An exact copy of every record below is needed, with all pictures removed.

*** Opening of TASK INPUT ***

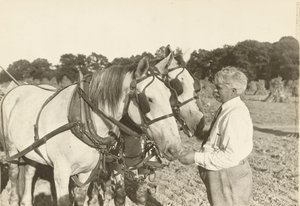 शीर्षकहीन, सीए। 1935. द्वारा लेविस विक्स हाइन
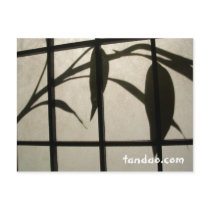 Leaf Composition postcards by tandao Leaf Composition postcards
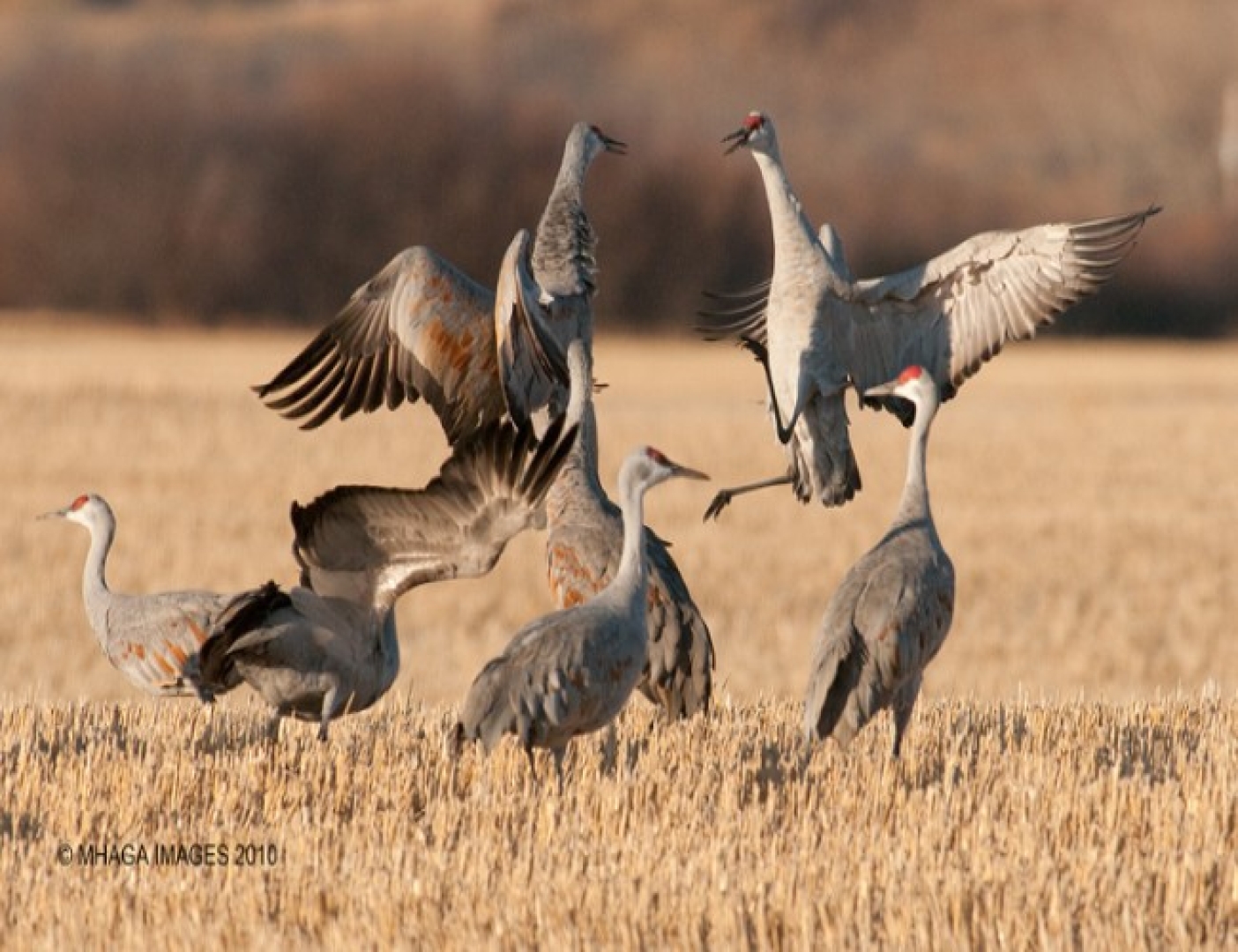 Pike Lake Sandhill Crane Tour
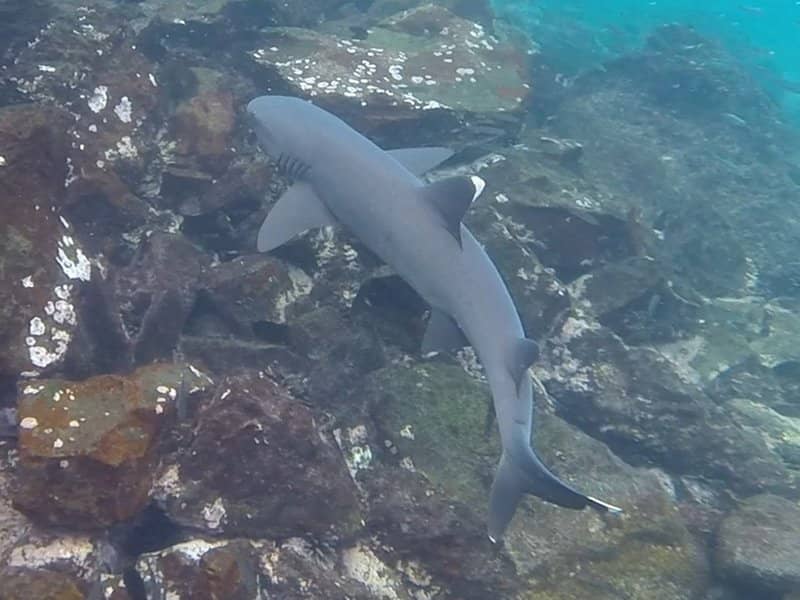 Abundant Marine Life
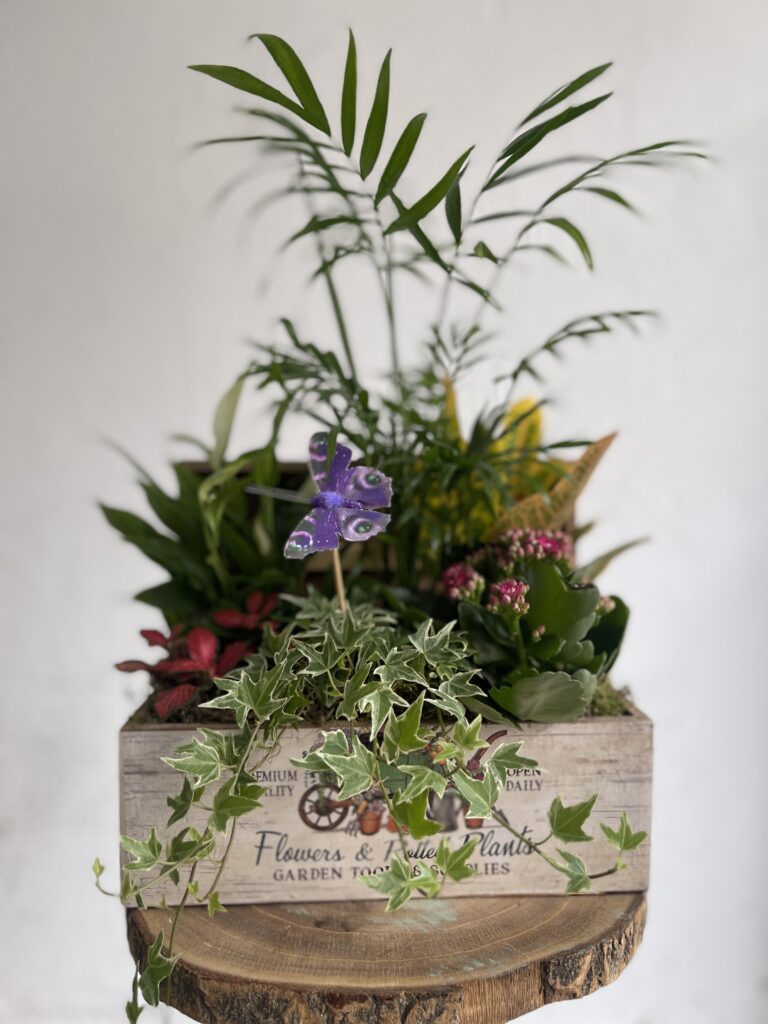 Baul pequeño plantas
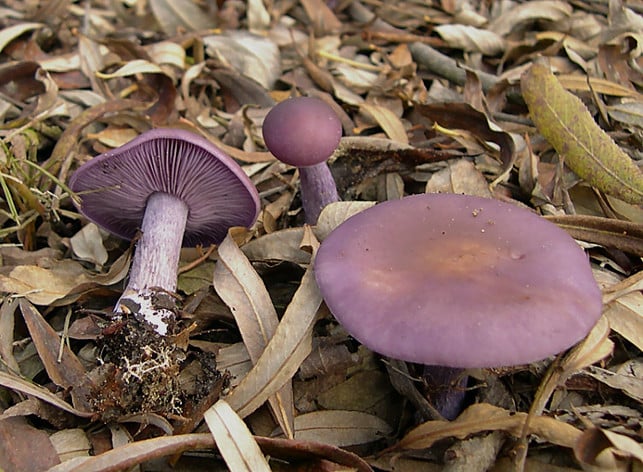 der-violette-roetelritterling-hat-eine-sehr-charakt-von-lepista_nudajpg-archenzoderivative-work-ak-201028_download Heimische Speisepilze: Der violette Rötelritterling hat eine sehr charakteristische Farbe.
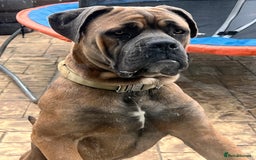 Cane Corso dogs for sale: Cane corso for rehome - Image 6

*** Close of TASK INPUT ***

## [RESPONSE]
 शीर्षकहीन, सीए। 1935. द्वारा लेविस विक्स हाइन
 Leaf Composition postcards by tandao Leaf Composition postcards
 Pike Lake Sandhill Crane Tour
 Abundant Marine Life
 Baul pequeño plantas
 der-violette-roetelritterling-hat-eine-sehr-charakt-von-lepista_nudajpg-archenzoderivative-work-ak-201028_download Heimische Speisepilze: Der violette Rötelritterling hat eine sehr charakteristische Farbe.
 Cane Corso dogs for sale: Cane corso for rehome - Image 6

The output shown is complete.